Written by: Charles Weaver, CEO of MSPAlliance
As the entire world debates the issues around regulation of managed service providers (MSP), relatively few address the issue of insurance and certification as a proxy for MSP regulation. The topic of MSP regulation is timely, and all MSPs seemed to be concerned with it at the moment. Simultaneously, MSPs are experiencing significant increases in demand for their services.
The MSP regulation issue is not unique, having been discussed for many years within the MSPAlliance community. But, instead of talking about what type of regulation we will accept, we need to explore whether there is a replacement for MSP regulation to satisfy both regulators, legislators, and clients alike. Let's examine it more closely.
Private Market Regulation Through Certification & Insurance
There are two general areas of assurance surrounding MSPs. First, is certification, audit, licensure. I use these interchangeably as they all attempt to solve the same issue of communicating the provider's credibility to clients.

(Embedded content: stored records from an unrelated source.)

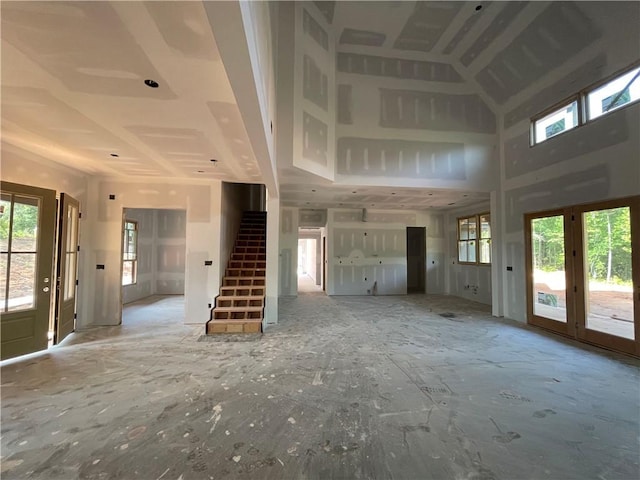 248 W Old Pendleton Rd, Central, SC 29630 - unfurnished living room with plenty of natural light, stairway, french doors, and a towering ceiling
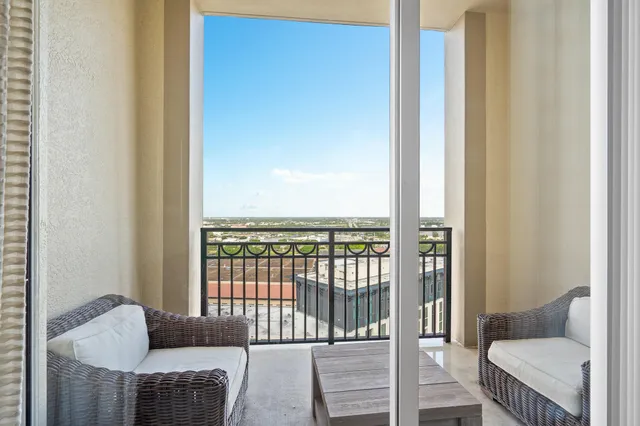 a view of a balcony with an ocean
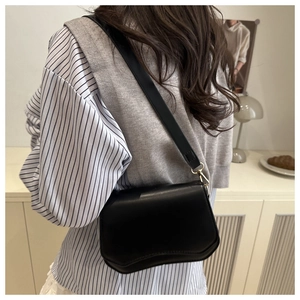 Detail of black crossbody bag with wave-shaped bottom and gold metal hooks worn on shoulder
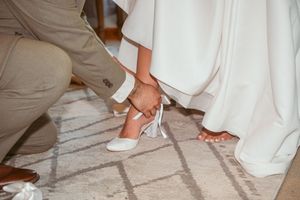 Close-up of white dress hemline and shoes on tiled floor during wedding preparations.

The second area involves insurance as a risk transference vehicle. Insurance and certification are crucial parts of any profession. Each plays a role in helping professionals communicate and demonstrate assurance to the broader public. The same holds for the managed services profession.
MSP Insurance
Insurance is about risk transference. If you insure your car and it gets in an accident, the insurance will pick up the risk and pay for the repairs. Similarly, if your MSP has insurance and your organization suffers a data incident (there are many different kinds of data incidents, not all of them involve MSP wrongdoing), it should provide some measure of risk transference.
Cybersecurity insurance products are beginning to grow in number and accessibility due to increased attacks and threats against MSPs and customers. While there is still a long way to go in the area of MSP and cybersecurity insurance, it has come a long way over the last decade.